The United States appears to be headed a different direction. Populations disadvantaged for decades or centuries remain limited and new populations are being added into the type of poverty that has the least reason to exist: child poverty.

The lack of data compiled by social class often means that the data is presented by race or ethnicity, when the actual changes involve changes in status, not race or ethnicity. Colleges and medical schools rarely want the public to know how exclusive that they have become, how status is related to standardized test scores, how testing is important to the finances of the associations, or other sensitive areas.
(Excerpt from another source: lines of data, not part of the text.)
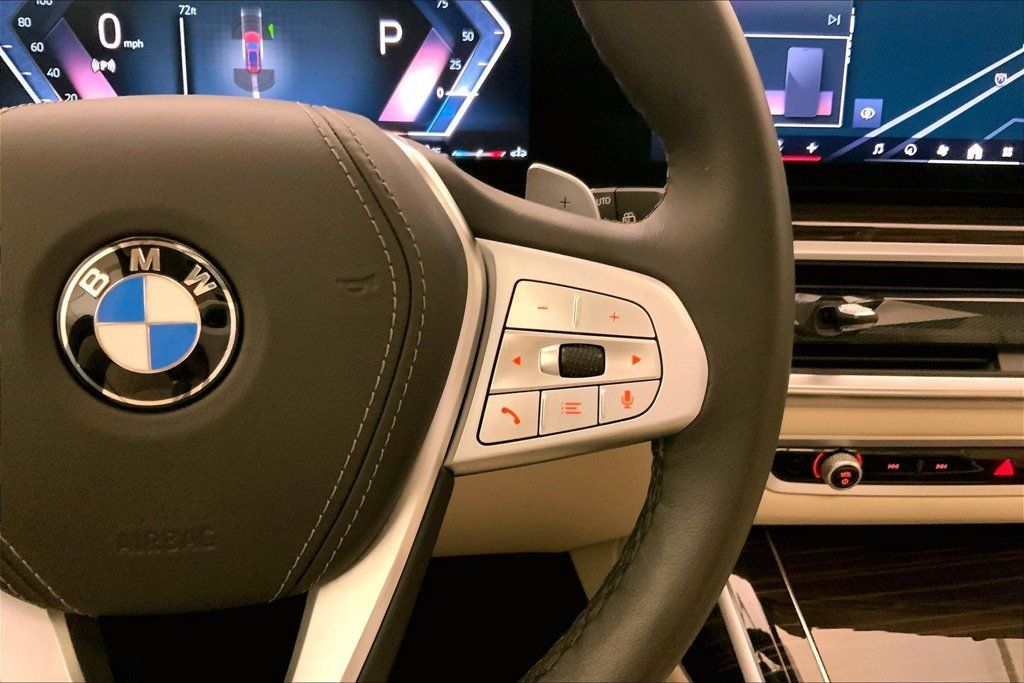 Used 2026 BMW X7 xDrive40i w/ Premium Package AWD/4WD image 19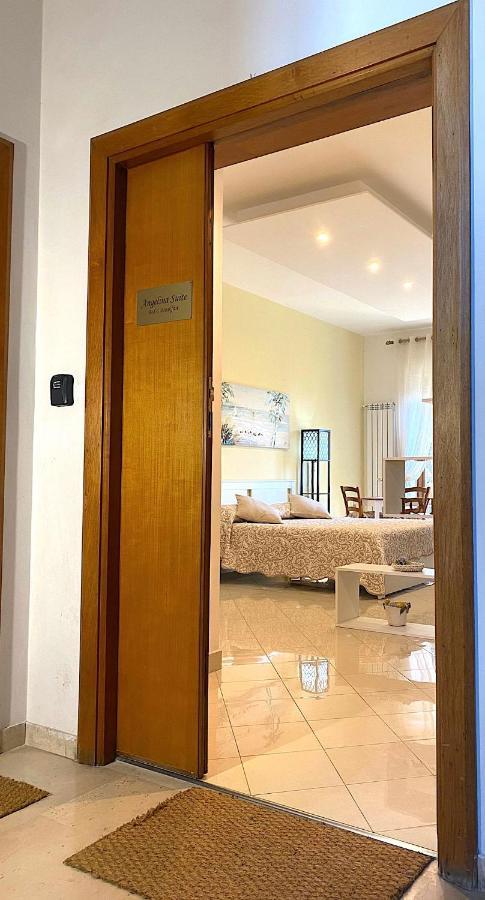 Angelina Suite B&B - Sorrento Centro Luaran gambar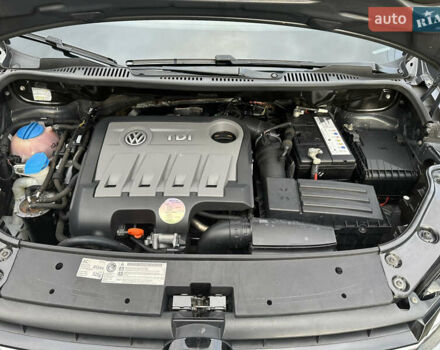 Сірий Фольксваген Туран, об'ємом двигуна 2 л та пробігом 224 тис. км за 12199 $, фото 139 на Automoto.ua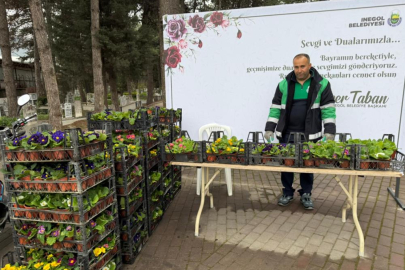 İnegöl’de bayram öncesi mezarlıklar çiçek bahçesine büründü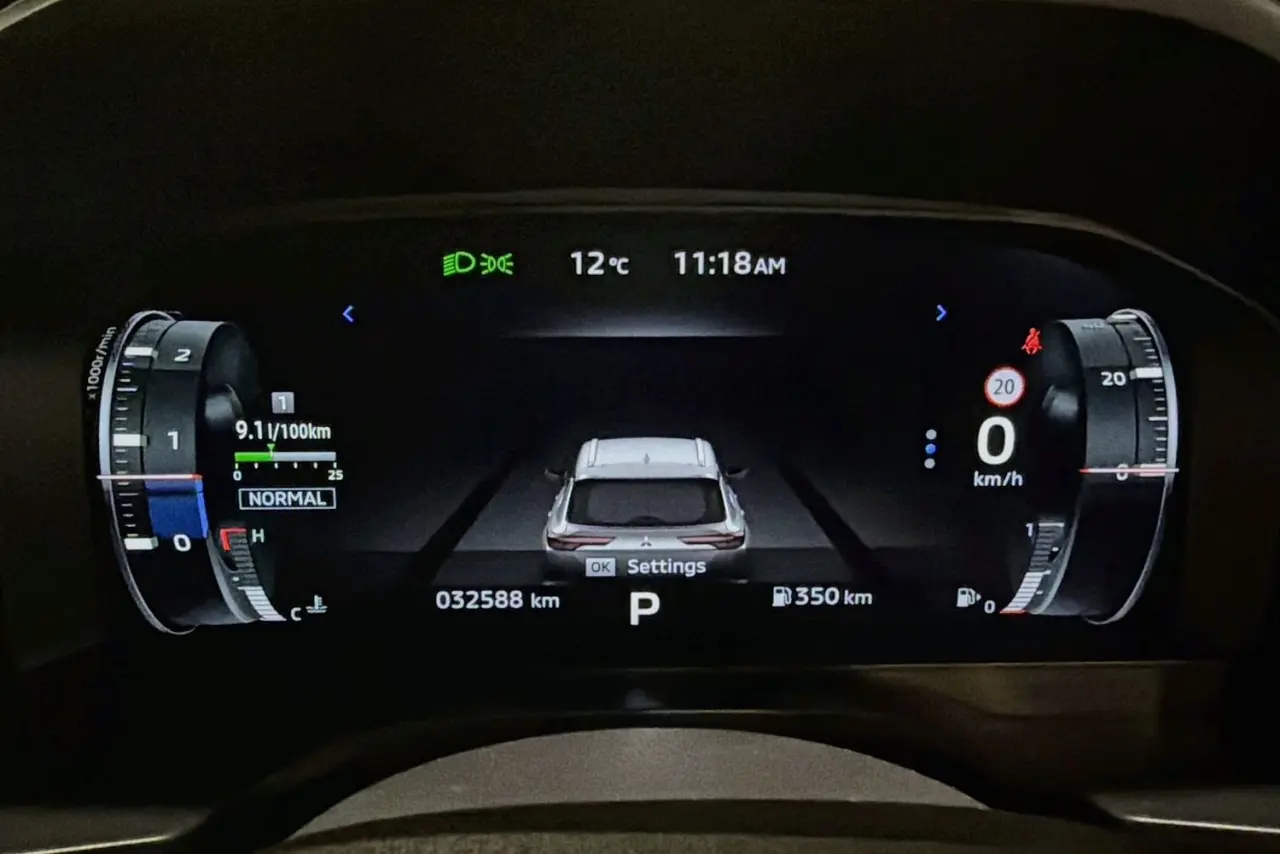 2024 Mitsubishi Outlander Gallery Image 22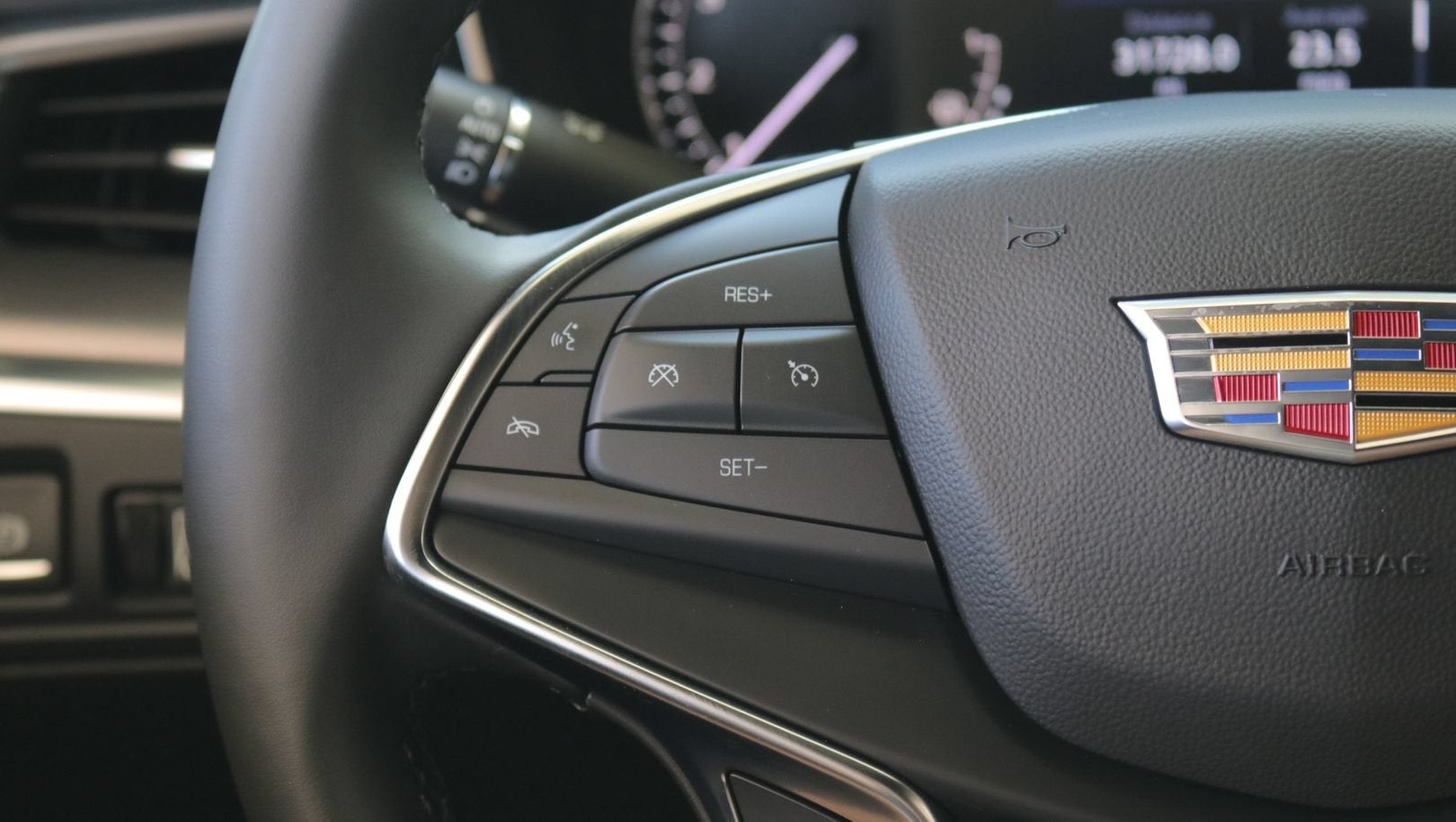 2024 Cadillac XT5 Luxury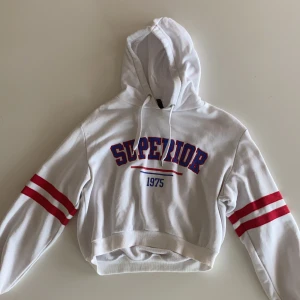 Cropped hoodie, strl M - Endast använd ett fåtal gånger, strl M, köpt från H&M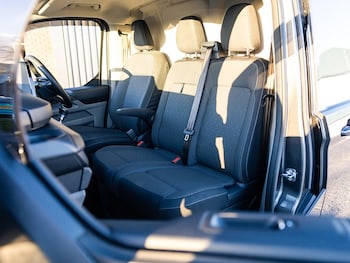 Used Ford Transit Custom 2024 for sale - 76637189: Photo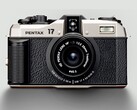 Le Pentax 17 est l'appareil photo idéal pour les amateurs de films, à condition qu'ils puissent s'adapter au format vertical demi-trame (Image source : Ricoh)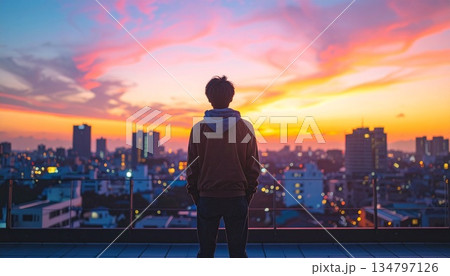 屋上で空を見上げる日本人男性 屋上で空を見上げる日本人男性 134797126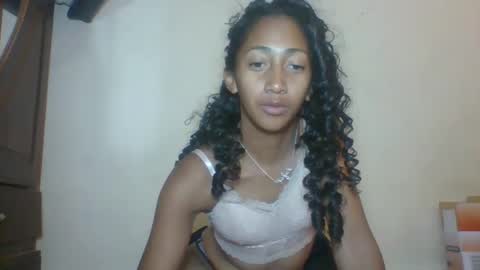 belle_annah online show from May 2026 04:50:01 AM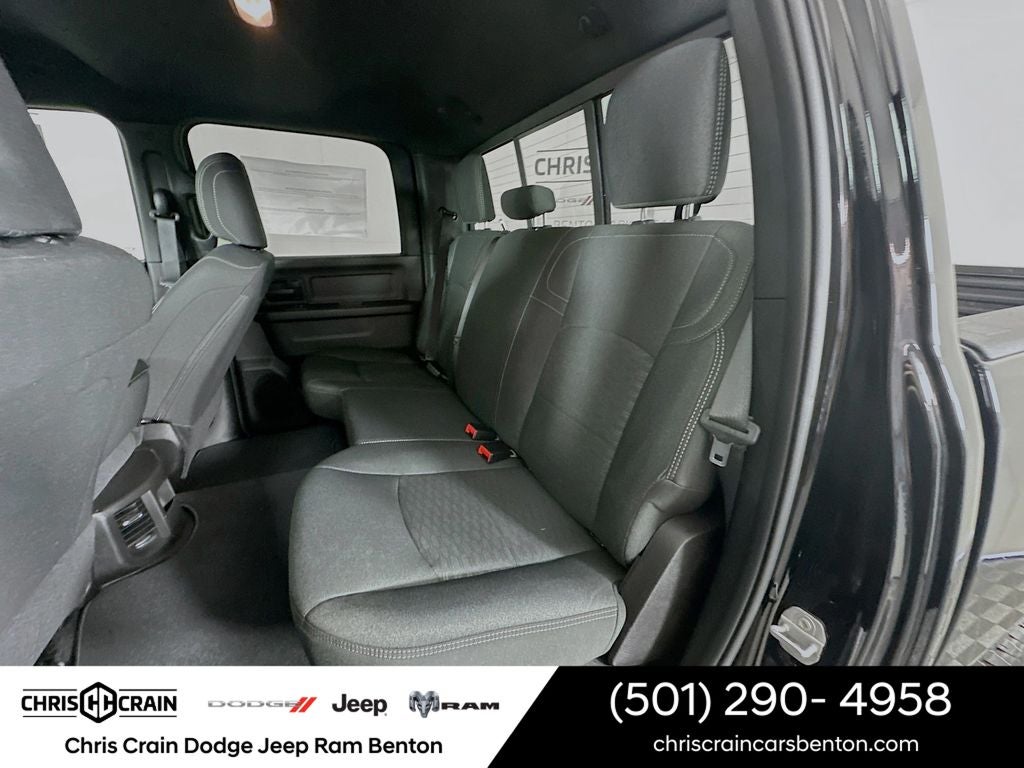 2026 RAM Ram 2500 RAM 2500 BLACK EXPRESS CREW CAB 4X4 6'4' BOX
Education References, Distributions, Inequities, Child Development

Admissions is related to higher income, greater family education (college and professional), urban origins, and proximity to medical schools. MCAT scores are also related to the same factors. Physician distribution and choice of family medicine and rural practice has an inverse relationship with the above. In Asian students there was significant decline in USMLE 1 compared to MCAT while whites had increased USMLE 1 compared to MCAT. (Veloski reference) This may be a likely pattern not just for Asian students, but for all with the characteristics of Asian students, particularly highest income, urban origin, and children of professional parents. Medical schools are admitting more and more medical students with dual professional parents, regardless of race or ethnicity.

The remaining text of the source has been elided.